(SOURCE MATERIAL)

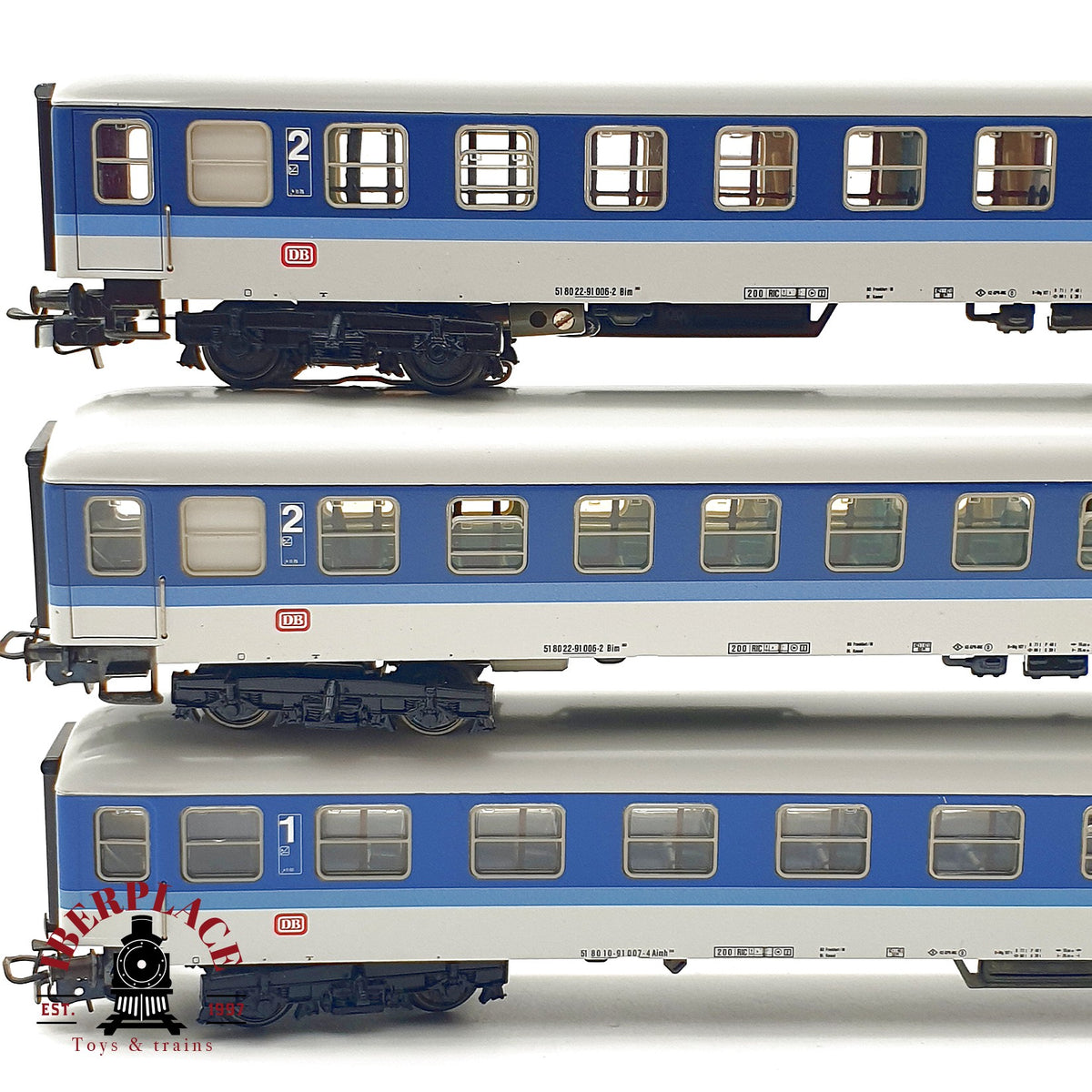 ♻️✨ Märklin Set 3x vagones InterRegio DB 4027 4032 1a 2a clase Chapa Escala H0 1:87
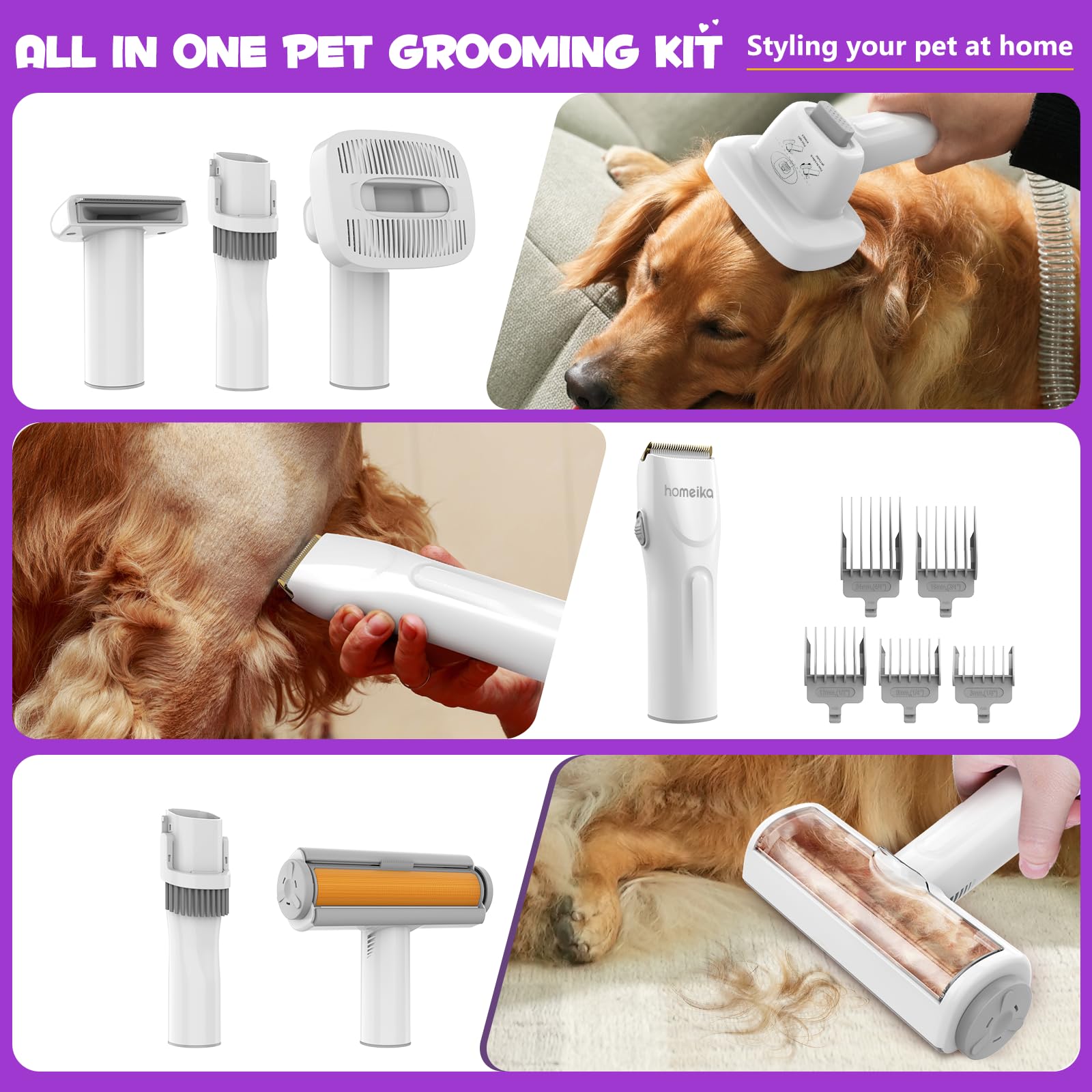 Homeika Dog Grooming Kit & Vacuum, 3L Pet Grooming Vacuum 99 Pet Hair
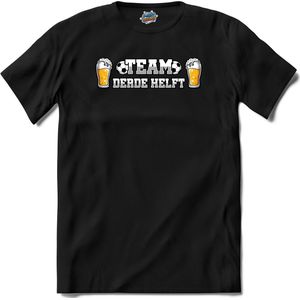 Team derde helft- Oranje elftal WK / EK voetbal kampioenschap - bier feest kleding - grappige zinnen, spreuken en teksten - T-Shirt - Heren - Zwart - Maat XXL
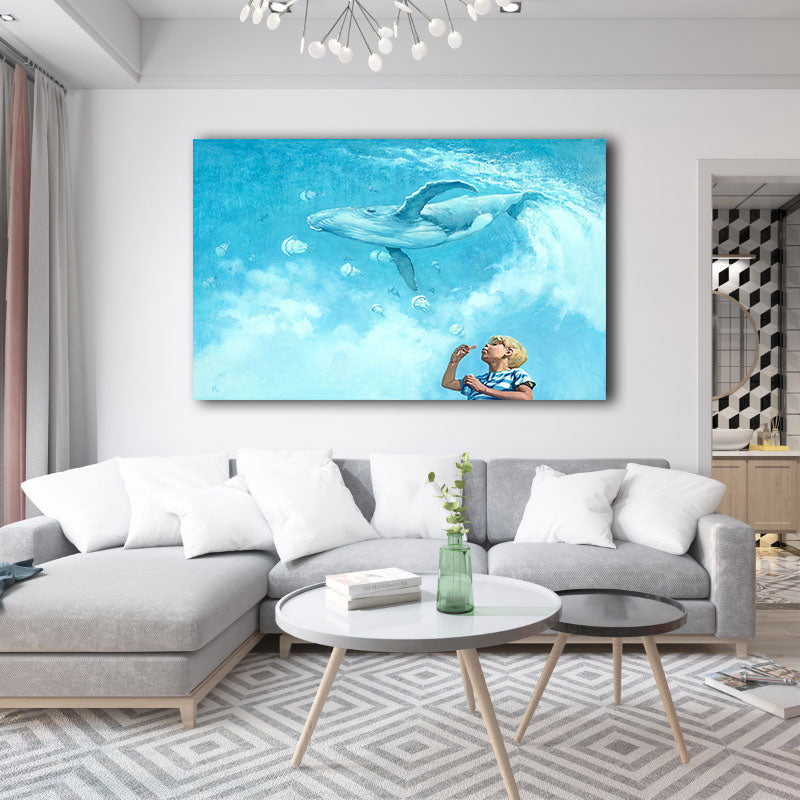 Vibrant blue painting of child blowing bubbles swimming with whale, Portraits & Genre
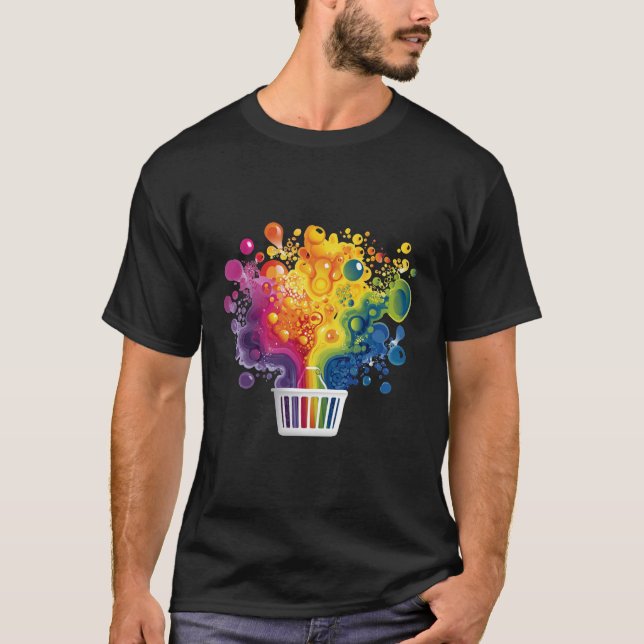 Camiseta Rainbow Paint Explosion from a Basket (Anverso)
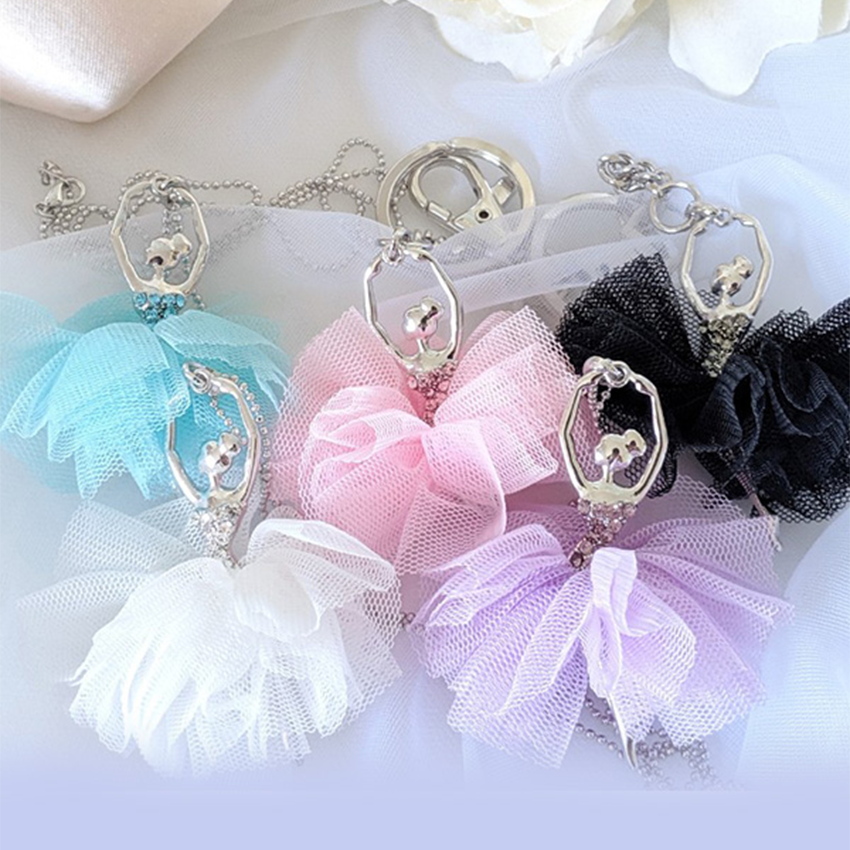 Tutu ballerina key chain - jade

(End SOURCE MATERIAL)

§ YOUR INSTRUCTIONS
Word for word, reproduce all the data, but not the pictures.

§ SOLUTION TO THIS PROBLEM
 ♻️✨ Märklin Set 3x vagones InterRegio DB 4027 4032 1a 2a clase Chapa Escala H0 1:87
 Homeika Dog Grooming Kit & Vacuum, 3L Pet Grooming Vacuum 99 Pet Hair
 Team derde helft- Oranje elftal WK / EK voetbal kampioenschap - bier feest kleding - grappige zinnen, spreuken en teksten - T-Shirt - Heren - Zwart - Maat XXL
 Vibrant blue painting of child blowing bubbles swimming with whale, Portraits & Genre
 Camiseta Rainbow Paint Explosion from a Basket (Anverso)
 Tutu ballerina key chain - jade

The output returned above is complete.